Our evolving business world requires a reliable way of authenticating documents. With the help of computerized systems, the currently widely used signature- based validations are becoming faster and less complicated. Without the need of major investments, off-line signature validation systems are cost-effective.
However, there is no information available regarding the writing process as these systems work with images. Information about the dynamic properties of the signatures (such as velocity, and pressure) can only be acquired from algorithmic analysis of the images. On the contrary, on-line systems measure these directly.
The aim of my project is to extract information about velocity of signatures using off-line methods. My project is integrated in the Signature Validation System (Aláírás Hitelesítő Rendszer, AHR), currently under development at the Budapest University of Technology and Economics. I have examined three properties of the signatures, providing data for further validation. First, I have defined the inclination angle as it globally defines the velocity. Later two additional local attributes were examined. In order to identify angles in the signature I used the output of a separate vectorizing project. To analyze the tremors present in the script I measured line widths along the straight sections.
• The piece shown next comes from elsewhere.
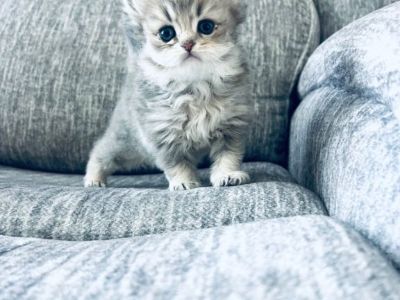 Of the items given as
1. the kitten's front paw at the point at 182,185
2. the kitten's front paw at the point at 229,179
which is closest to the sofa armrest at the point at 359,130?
the kitten's front paw at the point at 229,179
After the implementation, matching the features on the GUI enabled me to identify common properties among signatures. Using the classifier module of the AHR, I could then test my algorithms, determining their relevance in distinguishing authentic signatures from forged ones. The results point out that certain attributes should be omitted in validation processes. Also, increasing the number of examined properties make the system less permissive, allowing less falsely accepted forgeries.
Consequently, extracting dynamic properties for off-line validation is a plausible way of meeting the business requirements. However, additional development is necessary to attain absolute applicability.